Y「狂気」といえば、やはりピンク・フロイドを思い浮かべるヒトが多いのだろうか。私は、ピンク・フロイドの「狂気」はいささか抽象的な意味での「狂気」じゃないか、と思う。もっと分かり易い、直の「狂気」というのであれば、例えば、Suicideや初期のボアダムスなんかが相応しいだろう。


今回取り上げるポップ・グループも、ある意味では「狂気」を表現したようなバンドだが、多少ほかの連中とは異なる。
その決定的な違いは、やはり音楽的な広がりだ。
彼らの曲は、パンクやファンクやダブ・ミュージックなどを基底とした上に成り立っている。音楽的にはかなり豊穣なバックグラウンドを持っているようである。
ただ、曲の中ではそれらがゴチャゴチャになってしまい、一つの塊と化しているがために、非常に様々な要素が顔を覗かせているのが面白い。


そしてマーク・スチュワートの「死んでしまえ!」と言わんばかりの鋭利な叫びは、暴力的であると同時に、心の奥まで染み渡り聴き手を解放させる即効性を持っている。


仮にピンク・フロイドの「狂気」を閉じられた感情ゆえのものとするならば、ポップ・グループの「狂気」は開け放たれたものであるといえる。
どちらが優れているとか言うのではない。
重要なことは、自分の感情とどう折り合うかだ。
そう思う時に、マーク・スチュワートのあの叫びの意味も、少しは理解できるような気がするのだ。

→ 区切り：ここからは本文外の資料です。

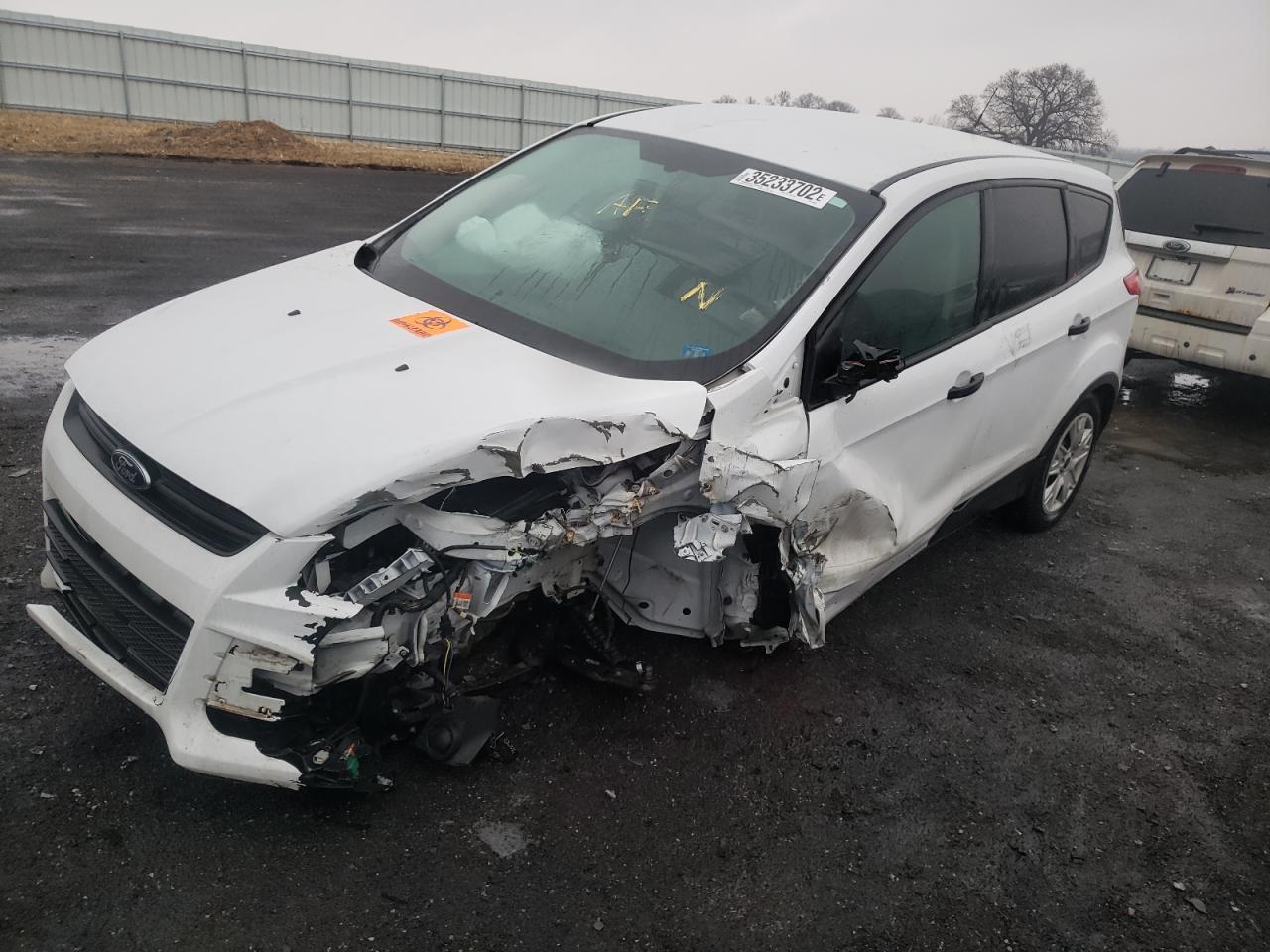 Photo 2 from auction – 2015 FORD ESCAPE S with VIN 1FMCU0F7XFUB42200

ところで、ポップ・グループは、この「Y」以外のアルバムはほとんど売られていない。なぜかいつも廃盤状態だ。たまに再発されるみたいだけど、やっぱりすぐに消えてしまい、いつの間にか廃盤扱いになっている。それだけポップ・グループの音源を求めているヒトが多く、すぐに売り切れるということなのかどうかは分からないが、とりあえず「Y」以外のアルバムを店頭で見かけることは滅多に無いと言って良いだろう。なぜ「Y」だけが常時購入することができる状態なのかも分からないが、どうせなら他の2枚も「Y」と同じくらい出せば良いのにねぇ。